Another article explored the rapidly growing number of people over 65 working – not just for a few months or years but, as long as possible. Regular jobs, consulting, non-traditional, even internet based jobs, as well as full time volunteering seniors are working, some as long as physically possible. Not because they have to – though some, regrettably do – but because they want to stay involved with the world.
The third article concerned living and dying at home. Simple enough, in theory, the story in The Atlantic, explored the growing trend of seniors organizing ‘village’ groups to pool resources and make living in their homes and apartments viable for their remaining lives. The reverse side of ‘it takes a village,’ it was all about seniors working together so they could live alone, be left alone, live their own lives. The keys to this? Planning, organization, coordination.
We posted these, in that exact order, because taken together they illustrate one of our firm’s overriding themes – elder planning, when done right, when done early, is planning for life.
For far too long, there’s been a stigma attached to elder planning. It’s been perceived, and still is to a large extent, as planning for what are mostly, overwhelmingly negative events. “Have a health care proxy because you don’t want the courts to make medical decisions for you,” Have a power of attorney so you know the person making the decisions is your person,” “Plan now for a nursing home so your assets are protected,” so much more.

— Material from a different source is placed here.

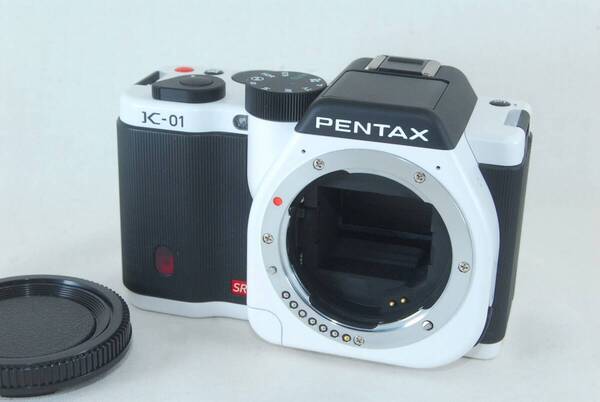 ★極美品★PENTAX ペンタックス K-01 ボディ ホワイト×ブラック 3242ショット♪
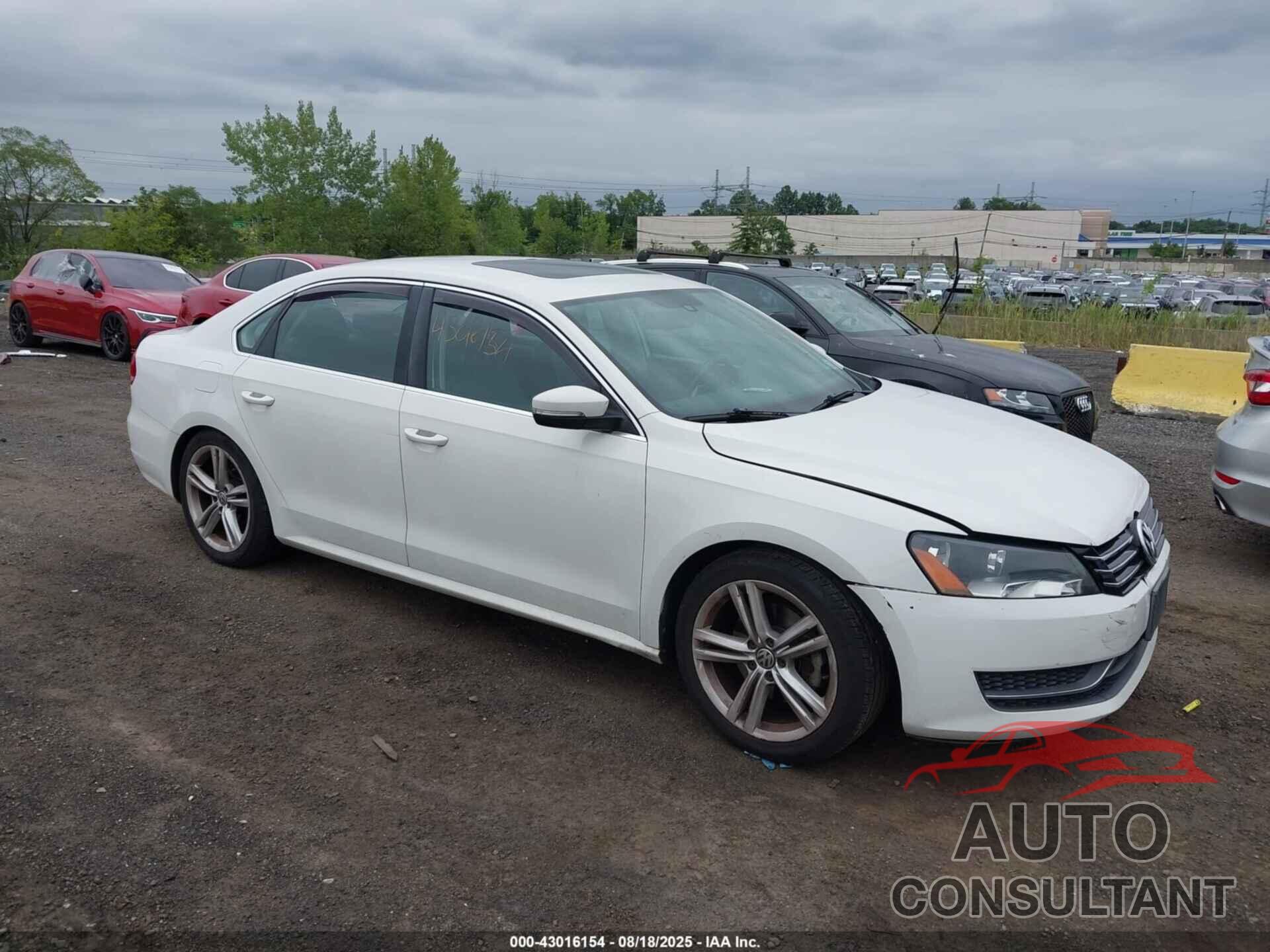 VOLKSWAGEN PASSAT 2014 - 1VWBT7A30EC059814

Don’t mistake us – these are important documents, it’s a matter of being responsible. But, the impetus for planning shouldn’t be fear, shouldn’t be an emergency, shouldn’t be solely as a protection against dire circumstances that may or may not ever occur.
The impetus for planning should be a desire to ensure that one lives the best post-retirement life possible. To enjoy a second or third act.
It should come as no surprise to anyone that people today are living much longer and healthier lives than ever. It seems like at least once a month we post something about a health breakthrough that extents that even further.
The thing, then is this: proper planning allows you to explore all the possibilities – the wonderful possibilities – available after 65. Or 70. Or 80. 90.
Sure, elder planning is planning for emergencies, but every day it becomes more and more about being able to be in position to take advantage of every current possibility and all the others that arise every day.